Schwann cells of the VIII cranial nerve express ASPA.
ASPA-immunoreactivity (red) was detected in cell bodies of Schwann cells in the VIII cranial nerve from Aspawt/wt animals (A) but was absent in AspalacZ/lacZ samples (B). The neurite staining detected by the neuronal marker β-III tubulin (green) appears similar in both control (C) and mutant (D). The Schwann cell density assessed by DAPI staining was also comparable between the control (E) and the mutant (F). Merged images for the control (G) and mutant nerve (H). Bars: 20 µm. Arrows indicate Schwann cell somata.
Figure 4.
Central histopathology of AspalacZ/lacZ mice.
(A–L) Representative overviews of coronal sections from Aspawt/w mice and AspalacZ/lacZ mice, stained with H&E (purple) and Luxol Fast Blue (blue) to visualize gross tissue integrity and myelination, respectively. Sections from forebrain (A–D), midbrain (E–H), and hindbrain (I–L) regions illustrate that vacuolization in AspalacZ/lacZ mice is moderate in the neocortex but prominent in posterior regions including the hippocampus, thalamus, cerebellar white matter, and dorsal brainstem. Widespread demyelination is observed by reduced intensity of the Luxol Fast Blue signal, particularly in white matter. Boxes in (I–L) indicate the brainstem region containing the cochlear nucleus and VIII cranial nerve. (I’–L’) Higher magnification of the areas containing the cochlear nucleus (CN). Arrowheads indicate myelination deficits in the VIII cranial nerve (K’–L’). Bars: A–L, 1 mm; I’–L’, 100 µm.
Figure 5.
Hypomyelination of central auditory structures in ASPA-deficient mice.
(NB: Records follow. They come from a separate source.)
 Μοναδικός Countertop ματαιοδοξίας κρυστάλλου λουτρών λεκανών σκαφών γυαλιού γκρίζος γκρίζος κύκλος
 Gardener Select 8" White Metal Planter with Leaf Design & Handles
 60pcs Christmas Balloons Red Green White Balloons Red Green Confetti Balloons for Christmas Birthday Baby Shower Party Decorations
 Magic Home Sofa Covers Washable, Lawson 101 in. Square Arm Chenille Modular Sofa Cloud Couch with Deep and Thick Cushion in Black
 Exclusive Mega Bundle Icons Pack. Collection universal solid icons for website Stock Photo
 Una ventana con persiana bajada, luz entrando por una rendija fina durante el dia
Luxol Fast Blue staining of brain sections from Aspawt/wt mice (A, C, E, G, I) and AspalacZ/lacZ mice (B, D, F, H, J) reveals demyelination in the brainstem (A–H) and midbrain (I, J) of the mutant. Hypomyelination is severe in white matter of the VIII cranial nerve adjacent to the cochlear nucleus (A, B), or axon tracts of the lateral lemniscus (G, H). Differences were less evident in inherently myelin-poor grey matter of the cochlear nucleus (C, D), superior olivary complex (E, F), and inferior colliculus (I, J). Note that Luxol Fast Blue-treated sections were counterstained with Cresyl Violet. VIII cranial nerve, VIII; cochlear nucleus, CN; superior olivary complex, SOC; lateral lemniscus, LL; inferior colliculus, CIC. Bars: 20 µm.